Accumulateur pour remplacer ceux de la TI-57

Pour les collectionneurs exigeants, l'adaptation dans la TI-57 sera sans trace et totalement réversible : ça rentre sans trou, sans couper et sans modification du connecteur original. À l'usage, l'impact sur le réalisme historique et sur les sensations un peu "cheap" procurées par cette calculette rétro est négligeable. En réalité, je n'ai rien inventé : l'astuce qui consistait à remplacer la batterie d'origine par une pile 9 volts, était connue et documentée depuis les années 80.

Adaptation trappe imprimée en 3D et pile 9V sur TI-57

Avant la soudure des broches 2,54 mm sur les fils rouge et noir (à inverser par rapport aux couleur des fils de la calculette), je vous recommande de sortir complètement deux broches de la partie en plastique noir de la réglette (coupée à trois unités). Sinon, à cause de l'élargissement du plastique par la chaleur du fer à souder, elles ne tiendront plus très bien par la suite. Pour compléter ce montage, j'ai trouvé un modèle prêt à imprimer en 3D d'une trappe compatible avec les TI de la série Majestic sur thingiverse.com. Mais comme je n'ai pas d'imprimante 3D, je l'ai commandé à un graveur professionnel grâce à une redirection sur treatstock.com. J'ai choisi "SEB Création 3D" à Phalsbourg en Moselle. La livraison a été rapide, avec deux pièces livrées pour le prix d'une : une trappe en PETG, et la même en ABS telle que je l'avais commandée. Malheureusement, la pièce en PETG s'est cassée dès la première utilisation. Le modèle 3D de la languette est donc trop fin ; exactement comme me l'avait fait remarquer "SEB Création 3D" avant de lancer la gravure. En ABS c'est un peu plus rigide, donc c'est ok. Cette adaptation, presque invisible de l'extérieur, permettra de profiter de la TI-57 pendant encore de longues années. Le seul inconvénient au final, c'est qu'il faut sortir la batterie 9V de son logement pour la recharger. Pour faciliter encore l'usage, le repositionnement de celle-ci dans le boitier de la TI-57 et le rangement des fils, avant de fermer la trappe, pourraient sans doute être améliorés.
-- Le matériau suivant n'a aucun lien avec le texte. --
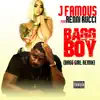 Bagg Boy (Bagg Girl Remix) [feat. Renni Rucci] - Single album lyrics, reviews, download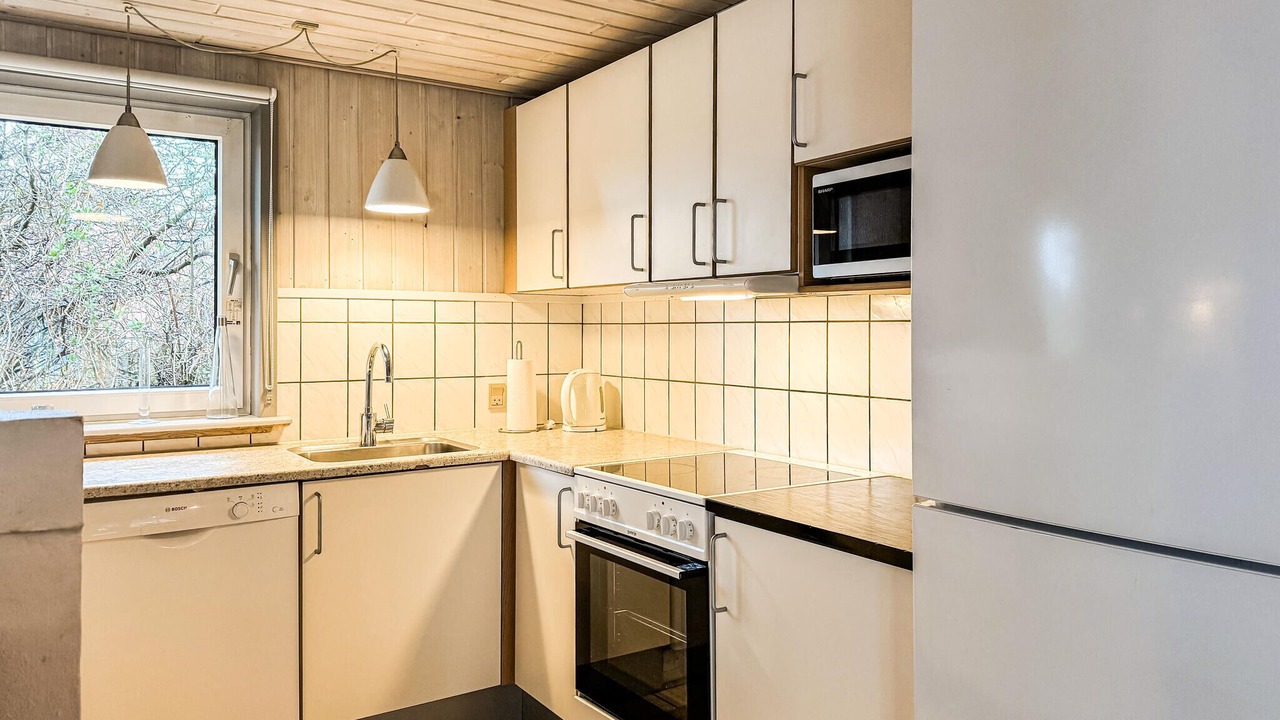 Photo of Outdoor in Sondervig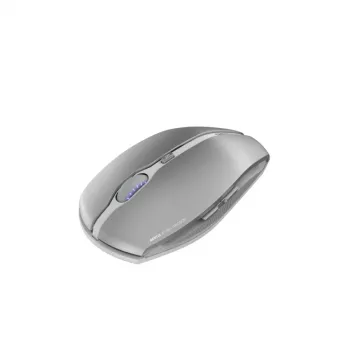 CHERRY GENTIX BT Bluetooth pelė, abiem rankoms tinkama, 2000 DPI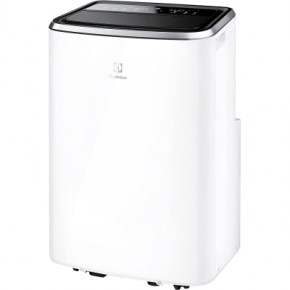   Electrolux ChillFlex Pro EXP26U338CW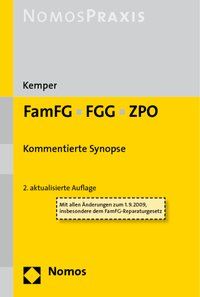 Produktbild: Famfg - Fgg - Zpo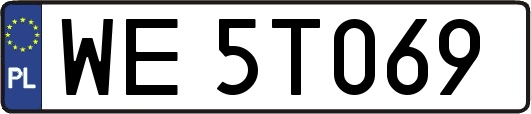 WE5T069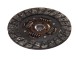 AD BRAKE VIC-89209 Диск зчеплення для NISSAN 300ZX, CEDRIC, MAXIMA / MAXIMA QX V, PATROL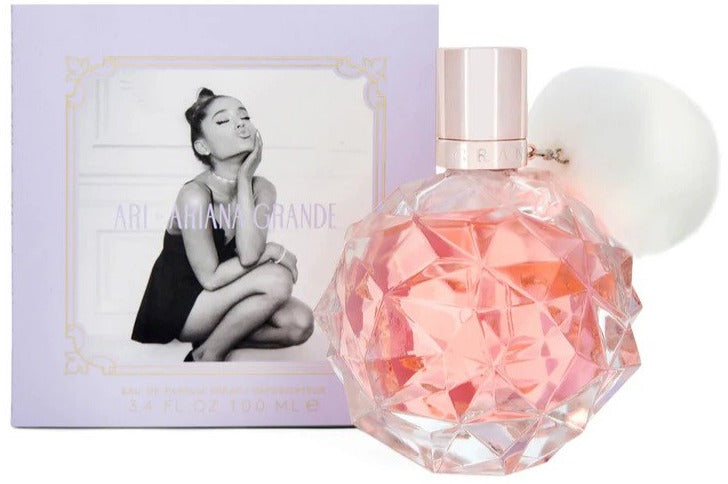 Ari By Ariana Grande For Women EDP Perfume 100mL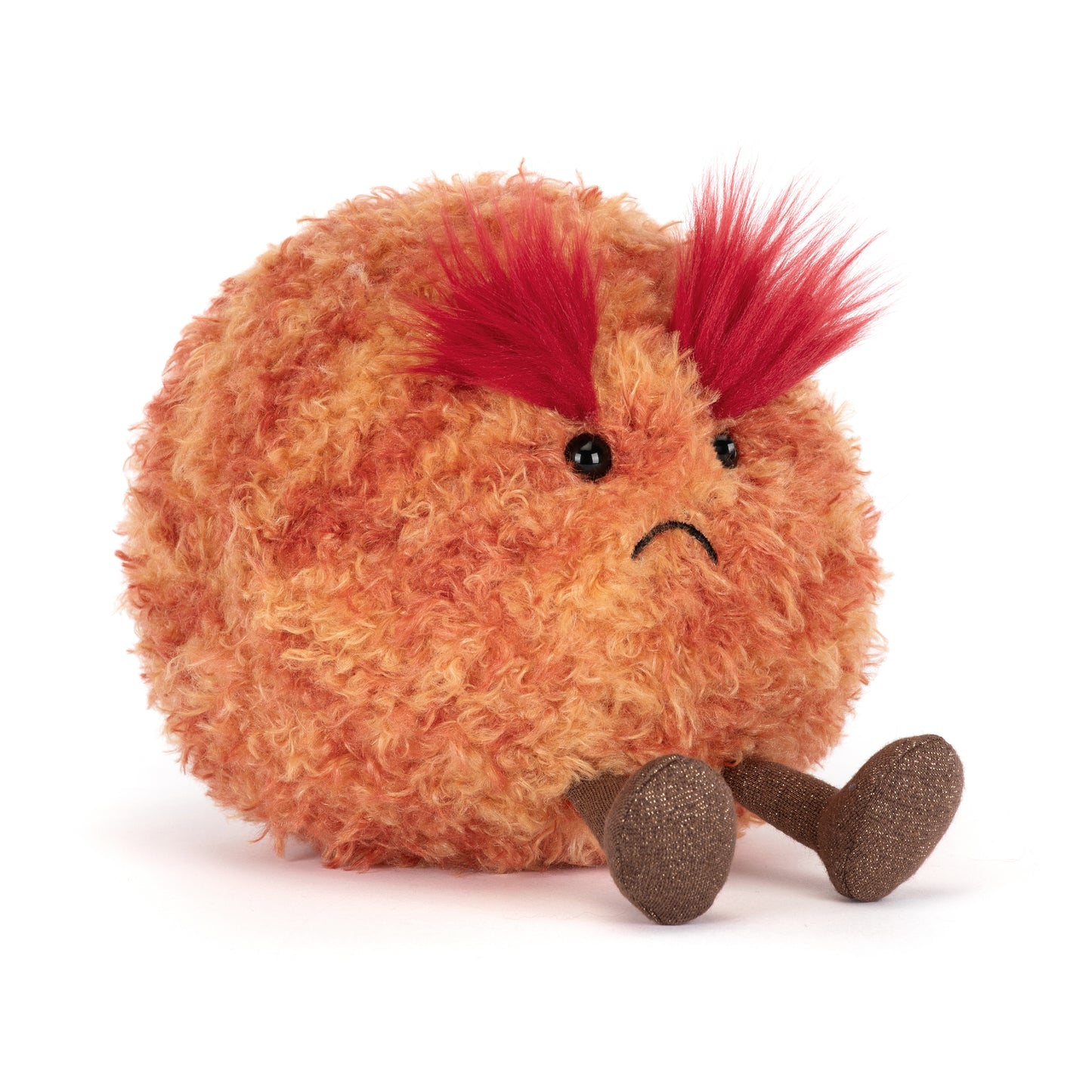 Jellycat Space Amuseables Planet Mars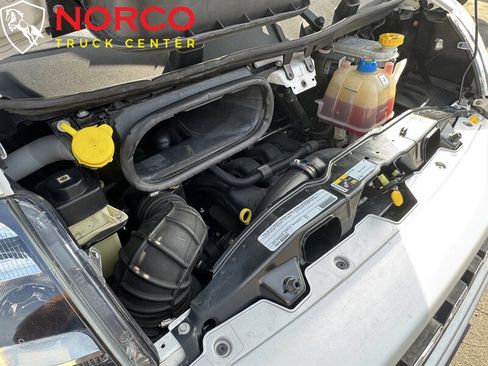 Used 2021 RAM ProMaster 3500 image 27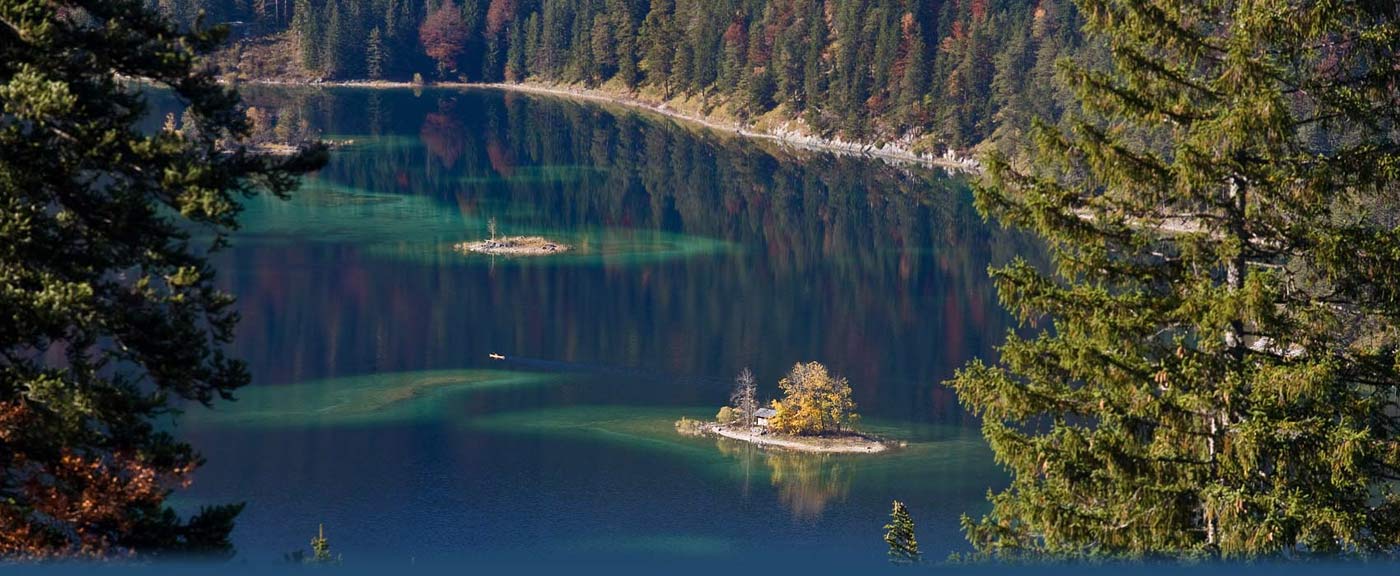 Baden in Garmisch-Partenkirchen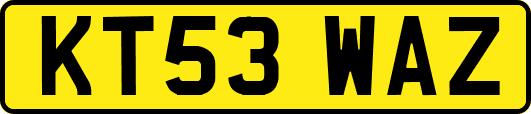 KT53WAZ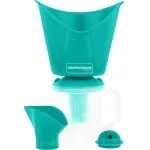 best steam inhaler machine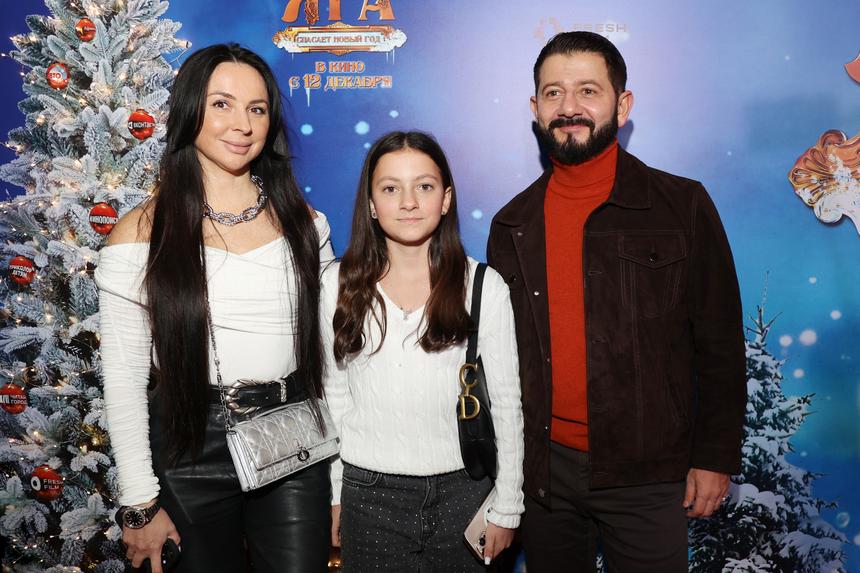 «Мы с Мишей справляемся»: как живет экс-супруга Галустяна после развода с комиком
Dos de la trappe pour TI-57 imprimée en ABS 

Pour aller plus loin avec cette calculatrice, je vous recommande de télécharger en PDF le bouquin suivant paru en 1982, environ 4 ans après la TI-57 : Mathématiques appliquées et calculatrices programmables notation algébrique directe TI 57, 58, 59 (ou bien ici) par Liviu Solomon et Marcel Hocquemiller. On y retrouve tous les programmes indispensables en calcul numérique : calcul matriciel, recherche de zéros, intégration, équations différentielles, etc. Les nombreuses astuces utilisées, pour faire rentrer ces programmes dans la mémoire très restreinte des TI, sont tout bonnement excellentes. Même si la mise en page est rudimentaire (probablement tapé à la machine à écrire mécanique), la qualité pédagogique de l'ouvrage n'en est pas moins épatante.


En conclusion, après avoir résolu le problème de l'énergie, on réalise que cette calculette scientifique programmable pas chère de la fin des années 70 est toujours capable de rendre bien des services. Dans le cadre d'un usage pédagogique, elle n'a pas grand chose à envier aux plus luxueuses calculatrices modernes.